Hospital vs Extras vs Combined Cover
Private health insurance in Australia falls into three main categories: hospital cover, extras (also called general treatment) cover, and combined cover. Each serves a different purpose and covers different types of healthcare expenses. Understanding the difference is essential before choosing a policy.
This guide explains what each type covers, when each makes sense, and how to avoid paying for cover you do not use.
Hospital Cover
Hospital cover pays for treatment as a private patient in a hospital. This includes accommodation, theatre fees, and doctor charges for in-hospital procedures. Without hospital cover, you would be treated as a public patient in the public hospital system under Medicare, which means you cannot choose your doctor or hospital, and may face longer wait times for elective procedures.
Hospital cover includes accommodation (private or shared room depending on policy), theatre and procedure fees, prosthetics and medical devices such as hip implants and pacemakers, in-hospital doctor and specialist fees, intensive care, and in-hospital pharmacy medications.
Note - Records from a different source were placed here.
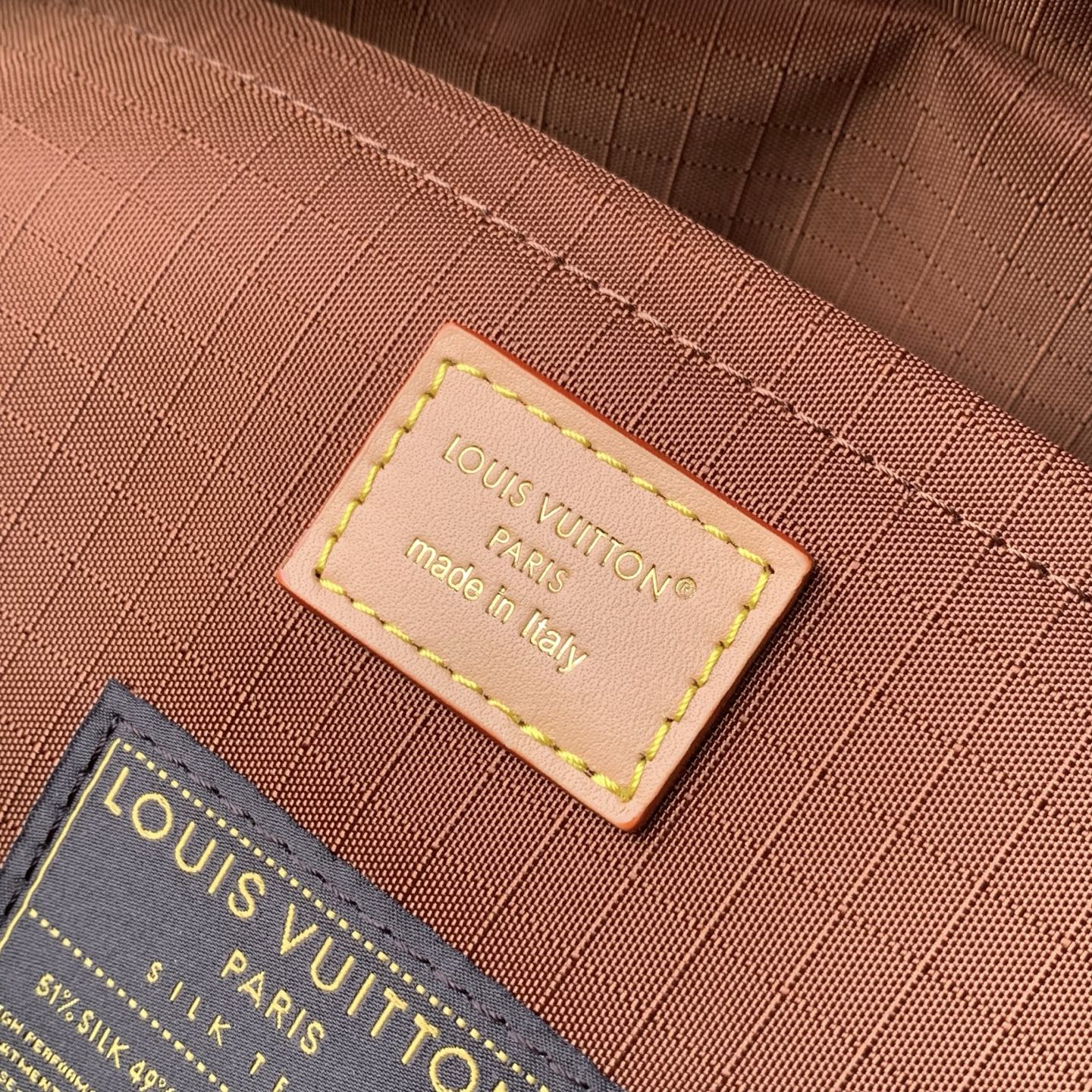 超大号 LOUIS VUITTONNANO LV Nil 桑蚕丝丝绸拼锦纶单肩斜挎手提包F0-M29853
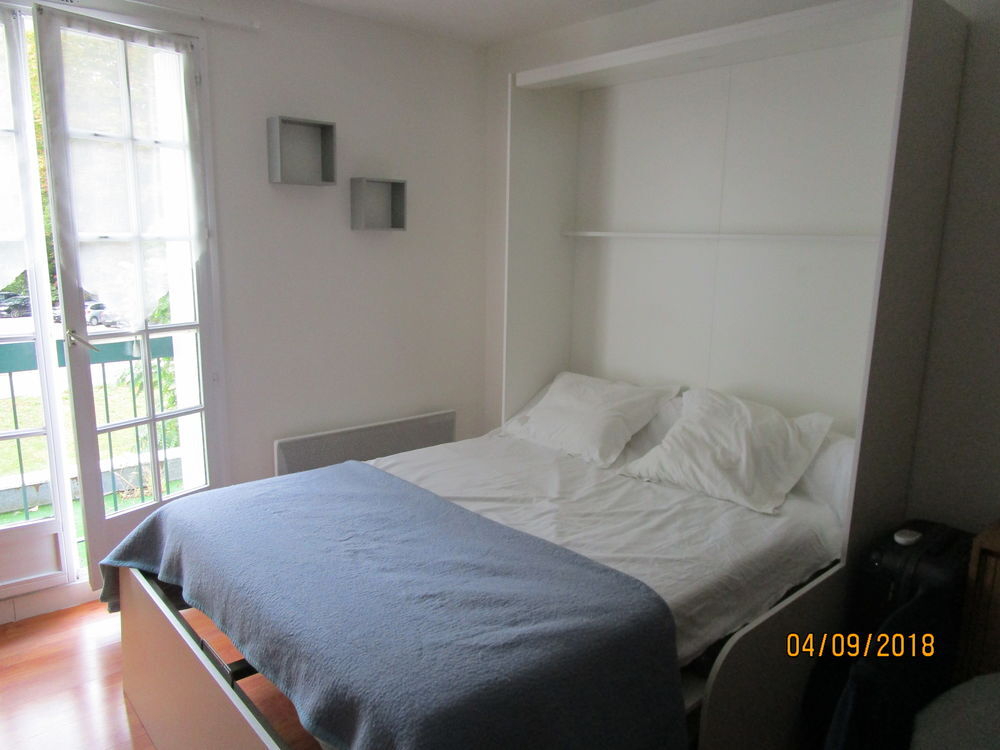 Location Appartement studio avec balcon tout confort centre ville La roche-posay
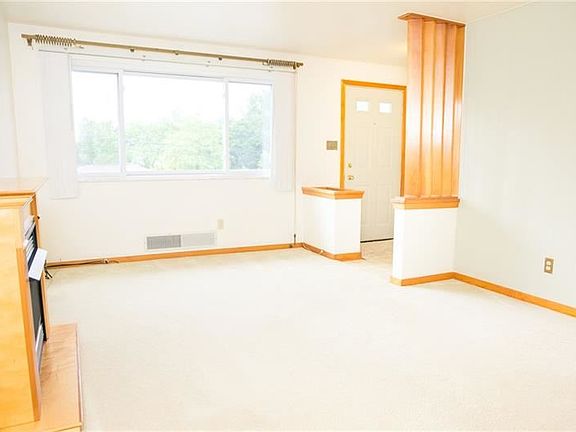 3rd image of 1631 Marion Dr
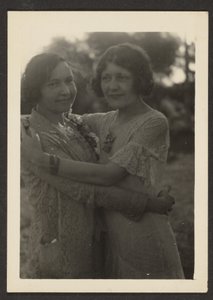 [Fleckenstein Sisters]. door Louis Fleckenstein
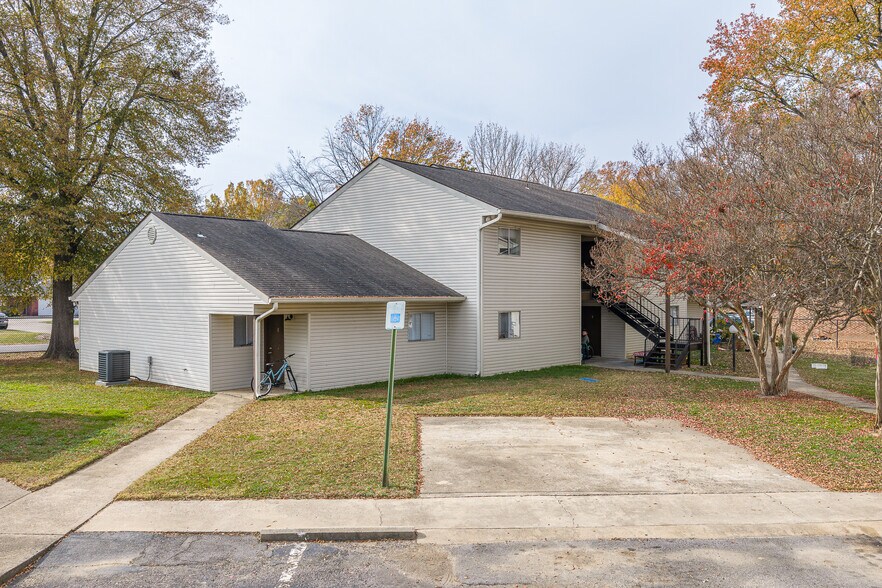 401 N Cumberland Ave, Russellville, AR à vendre - Photo de l’immeuble – Image 2 sur 45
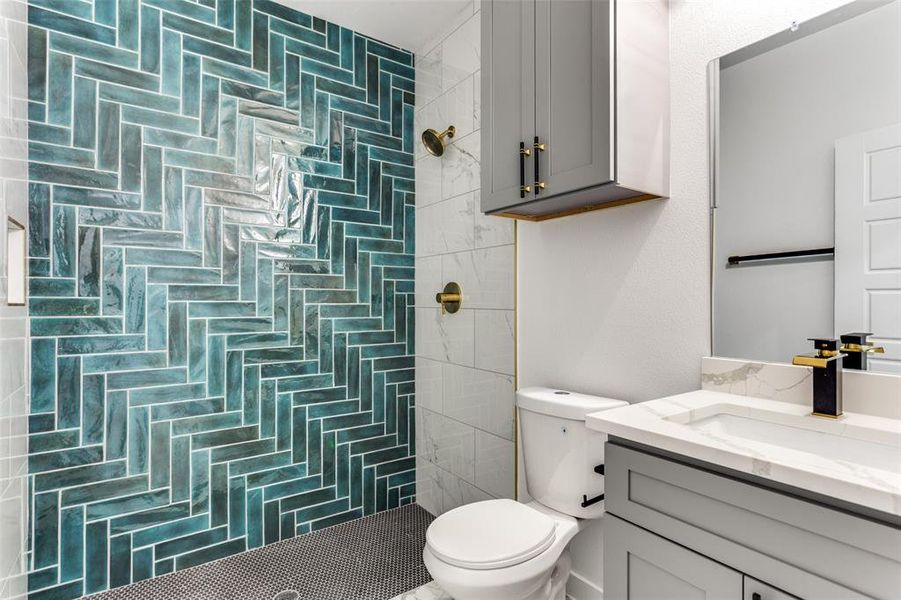 Furnished interior view inside a new home in , Fort Worth (Image 11).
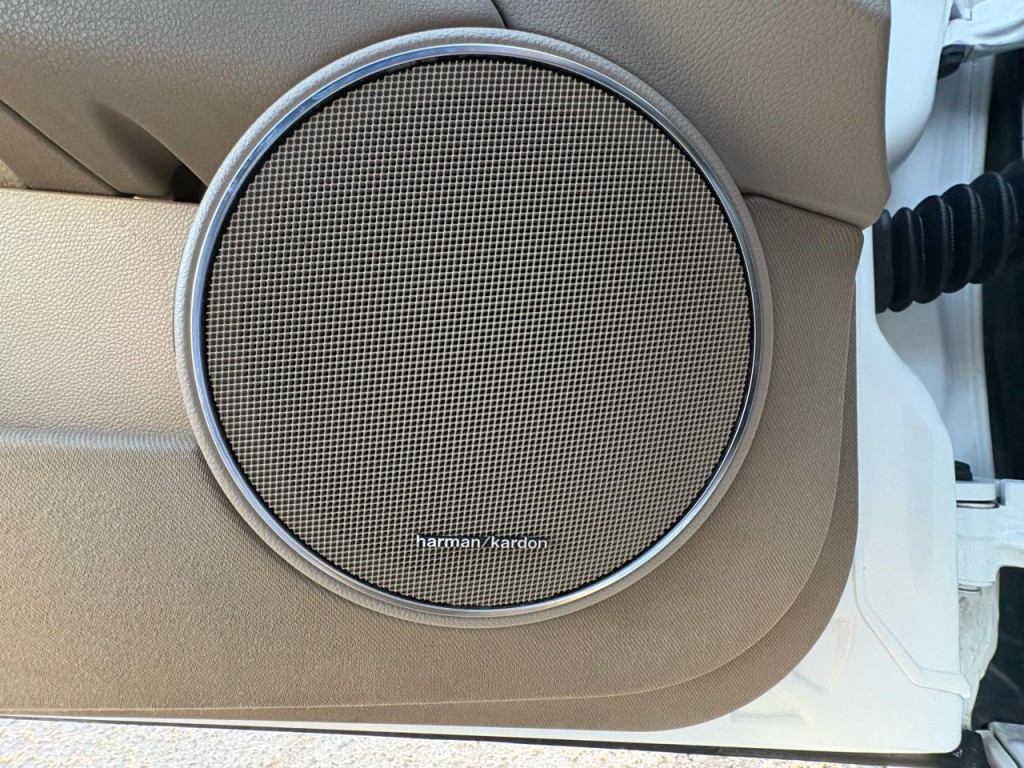 2012 Mercedes-Benz C-Class Image 15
Hospital cover does not pay for GP visits (covered by Medicare), specialist consultations outside hospital (covered by Medicare), dental, optical or physio (these are extras), or ambulance (covered separately or by state government in QLD and TAS).
Why Hospital Cover Matters
Two government mechanisms make hospital cover particularly important:
Medicare Levy Surcharge (MLS): If your income exceeds $97,000 (singles) or $194,000 (families), you pay an additional 1 to 1.5% tax if you do not have hospital cover. At $120,000 income, that is $1,200 to $1,800 per year — often more than a basic hospital policy. See our MLS calculator guide for details.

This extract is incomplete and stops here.